Supplied data below:
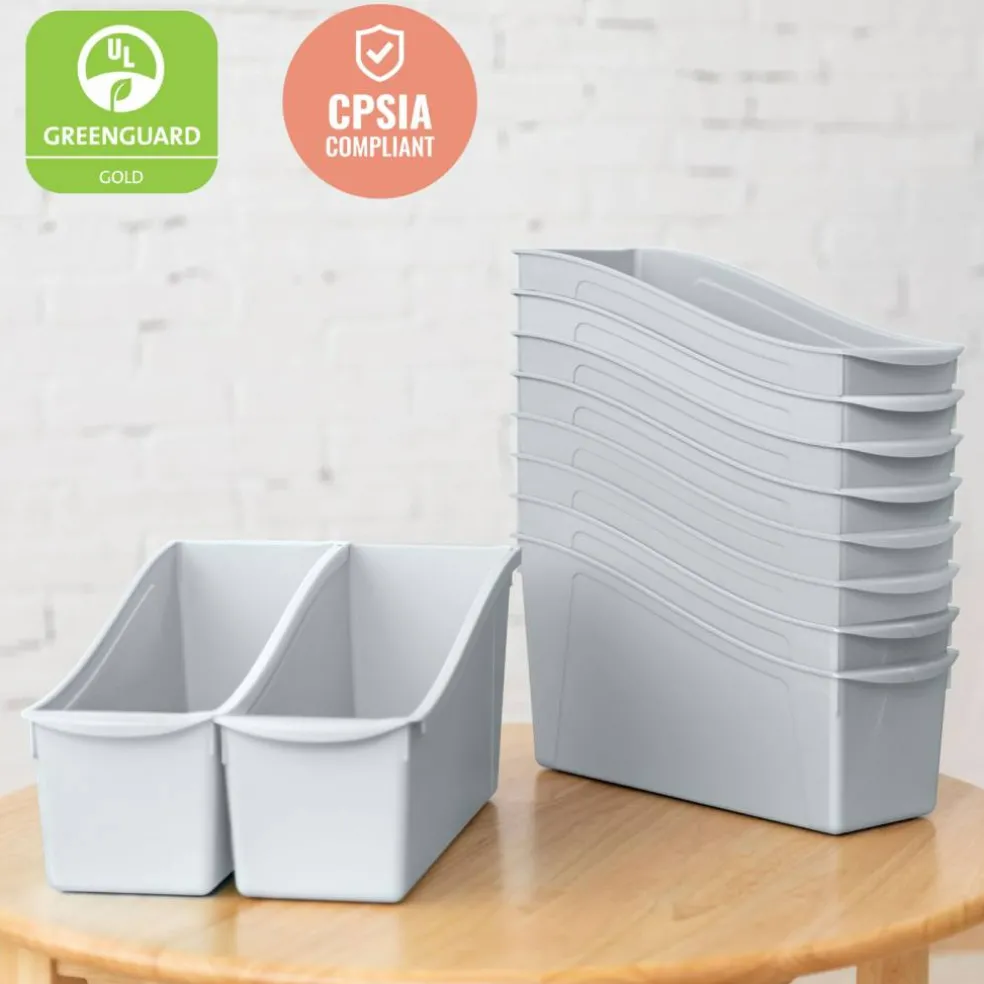 Linking Book Bins, Colorful Connecting Storage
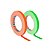 KIT 2 rls Fita Tecido Gaffer Tape Tesa 12mmX25m Fluorescente - Imagem 1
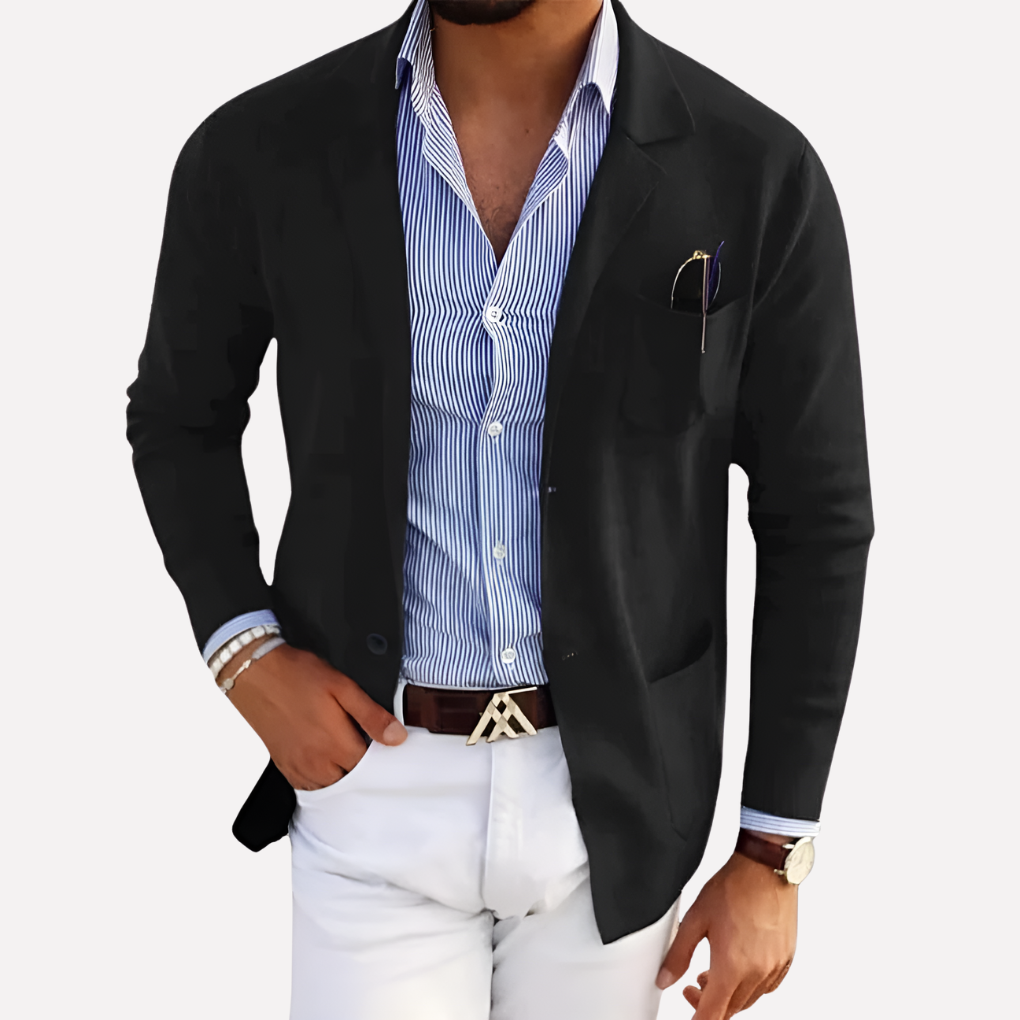 Men's Knit Blazer
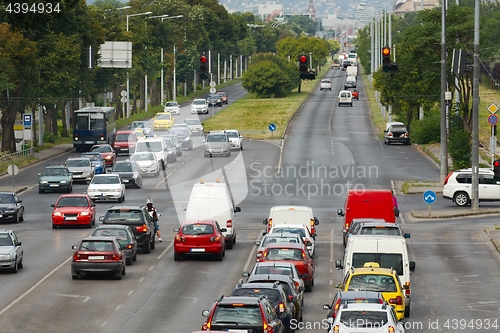 Image of Traffic on a city road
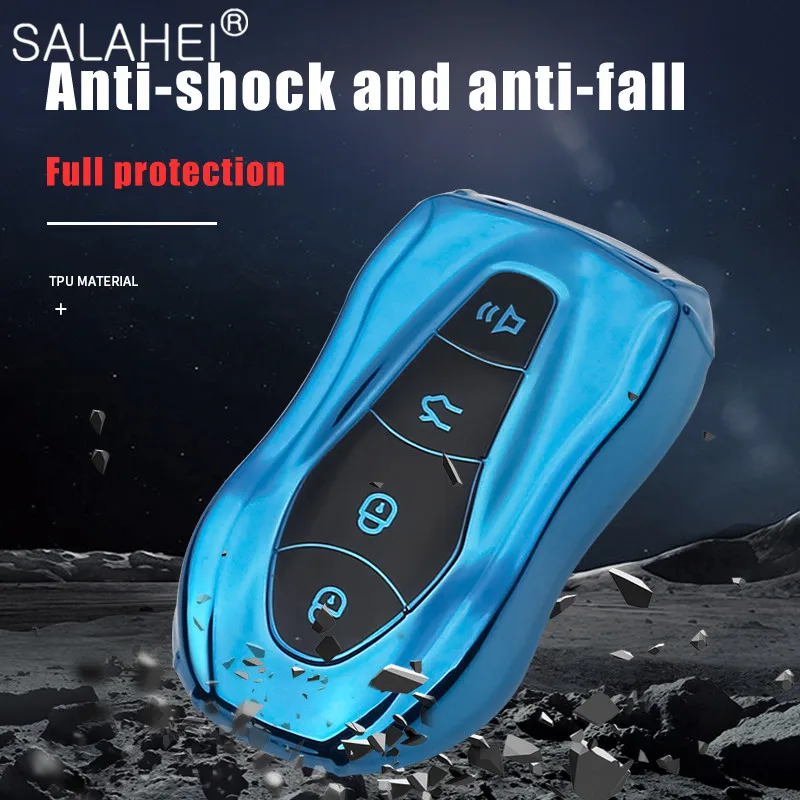 TPU Car Key Case Protective Cover For Geely Azkarra FY11 Atlas Pro New Emgrand GS X6 SUV EC7 Car Smart Key Shell Keychain
TPU Car Key Case Protective Cover For Geely Azkarra FY11 Atlas Pro New Emgrand GS X6 SUV EC7 Car Smart Key Shell Keychain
End of Supplied data.
Copy every record above exactly, leaving out any pictures.

Exercise solution
 Linking Book Bins, Colorful Connecting Storage
 KIT 2 rls Fita Tecido Gaffer Tape Tesa 12mmX25m Fluorescente - Imagem 1
 Men's Knit Blazer
 Image of Traffic on a city road
 TPU Car Key Case Protective Cover For Geely Azkarra FY11 Atlas Pro New Emgrand GS X6 SUV EC7 Car Smart Key Shell Keychain
TPU Car Key Case Protective Cover For Geely Azkarra FY11 Atlas Pro New Emgrand GS X6 SUV EC7 Car Smart Key Shell Keychain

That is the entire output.